Dada mi nueva condición de amamantador consorte y cambiador en prácticas de pañales express, apenas duermo y cuando duermo, lo hago con un ojo abierto y el otro a medio fuelle (mi hija es tan pequeña y tan frágil que temo que se deshaga entre las sábanas, o que se disuelva en el agua templada de la bañera cual pastilla efervescente, o peor: que se retroabsorba por el sumidero de sus propios bostezos). De todos modos, y a pesar de lo que pueda parecer, dormir poco o casi nada tiene sus ventajas, sobre todo en lo referente a mi vida taxial: ahora, cuando los usuarios de mi taxi me hablan de sus cosas, los escucho y observo con cierta distancia, distorsionando incluso su voz y sus gestos (les veo a través del espejo y se me antojan besugos lanzando bocanadas fuera del agua, y sus palabras me entran por un oído y se me pegan al colchón del cerebro y ahí se quedan, latentes).
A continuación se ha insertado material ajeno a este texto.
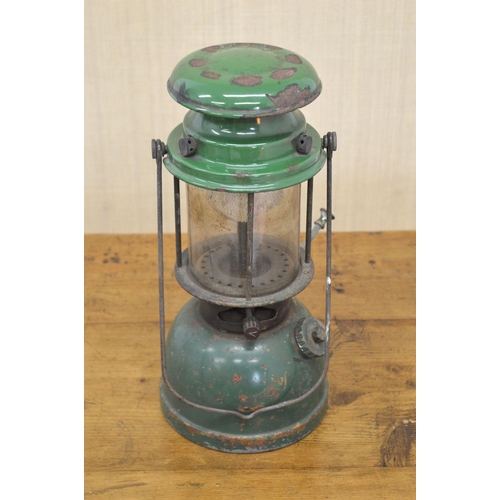 31 - ORIGINAL ENAMEL TILLEY LAMP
Ayer mismo, después de dormir apenas dos horas, montó en mi taxi una mujer muy nerviosa, ya que estaba a punto de examinarse del teórico de conducir. Y creo recordar que me pidió consejo.

—¿Recuerda usted su examen? ¿Cómo fue? ¿Algún consejo?
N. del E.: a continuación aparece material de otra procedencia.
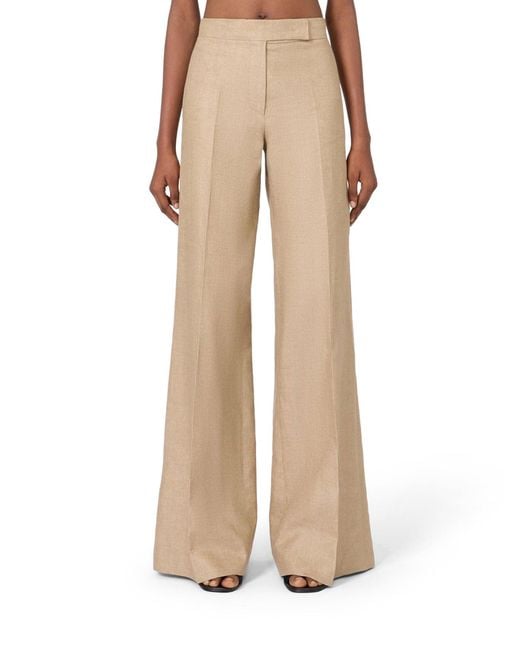 Max Mara Natural Regular Fit Trousers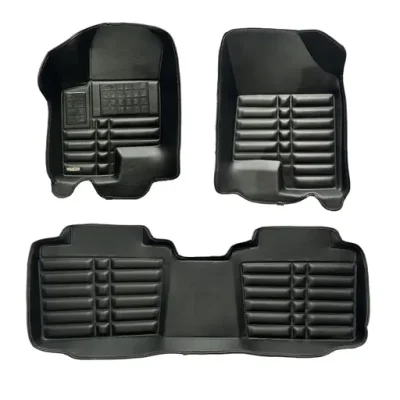 کفپوش دیگنیتی پنج بعدی مشکی چرم کره ای درجه یک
—¿Qué examen? —pregunté aturdido, a escasos centímetros del sueño.

—El de conducir.

—Ah. Ni idea.

—¿No se acuerda? ¿Entonces fue hace mucho, no?

—No recuerdo haberme examinado.

—¿Y su carné de conducir?

—¿Qué carné de conducir?

—¿CONDUCE UN TAXI Y NO TIENE CARNÉ?

—No. No sé.

Y en esto la mujer bajó su ventanilla, llamó a un par de policías en moto casualmente parados en nuestro mismo semáforo, les dijo que yo no tenía carné de conducir y claro, los polis me mandaron echar el taxi a un lado y me pidieron la documentación.

—¿Me enseña su carné de conducir?

Y víctima aún del aturdimiento le entregué mi tarjeta sanitaria, lo cual les llevó a llamar a una unidad de control de alcoholemia. Y cuando llegó el coche patrulla, di negativo, claro. Entonces les expliqué que llevaba ocho días (con sus noches) sin dormir, y además les adjunté una ristra de fotos de mi hija.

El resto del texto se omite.